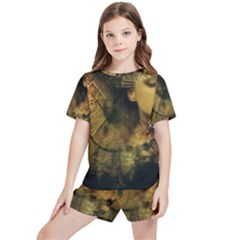 Surreal Steampunk Queen From Fonebook Kids  Tee And Sports Shorts Set by 2853937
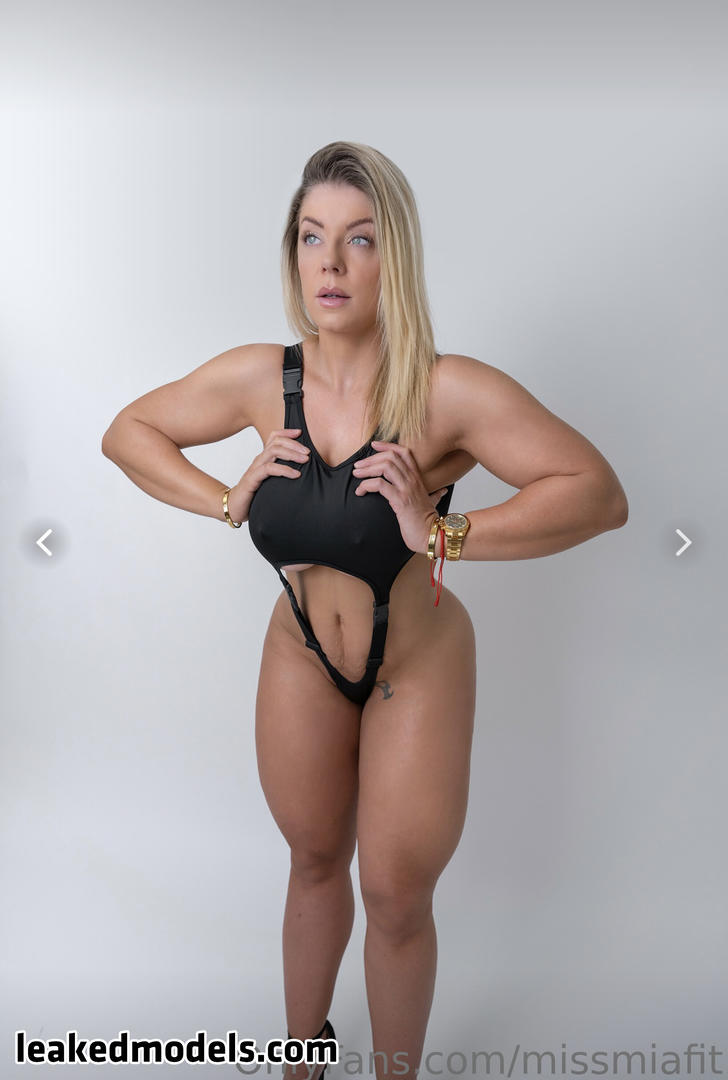 Miss-mia-fit Naked 6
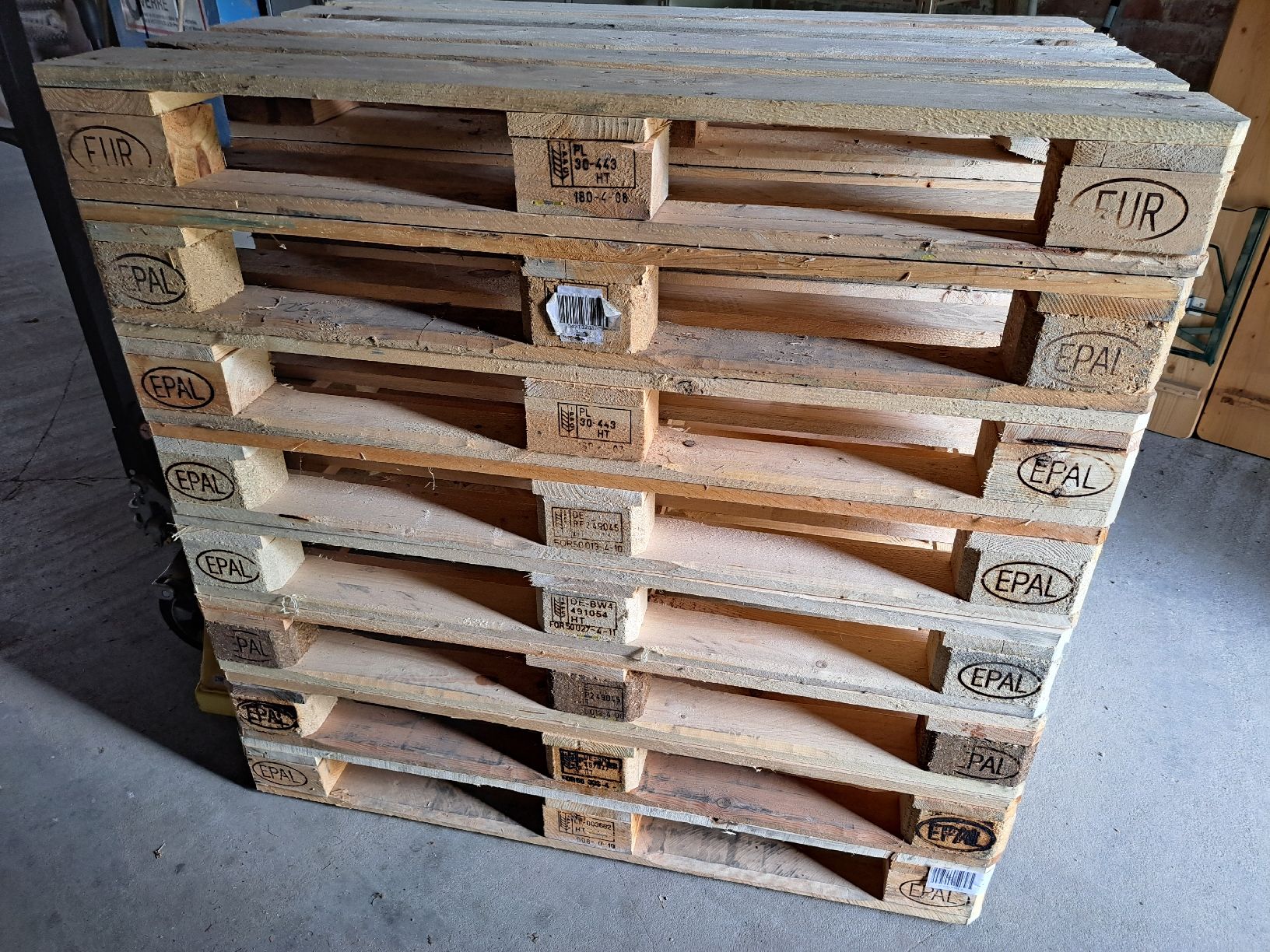 Pallets: 8 stk Europaletten  – Usato da Morens FR venduto da Kiscica 3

Your goal — Write the material above out again exactly. Omit every image.

Result for this exercise —
 Surreal Steampunk Queen From Fonebook Kids  Tee And Sports Shorts Set by 2853937
 Miss-mia-fit Naked 6
 Pallets: 8 stk Europaletten  – Usato da Morens FR venduto da Kiscica 3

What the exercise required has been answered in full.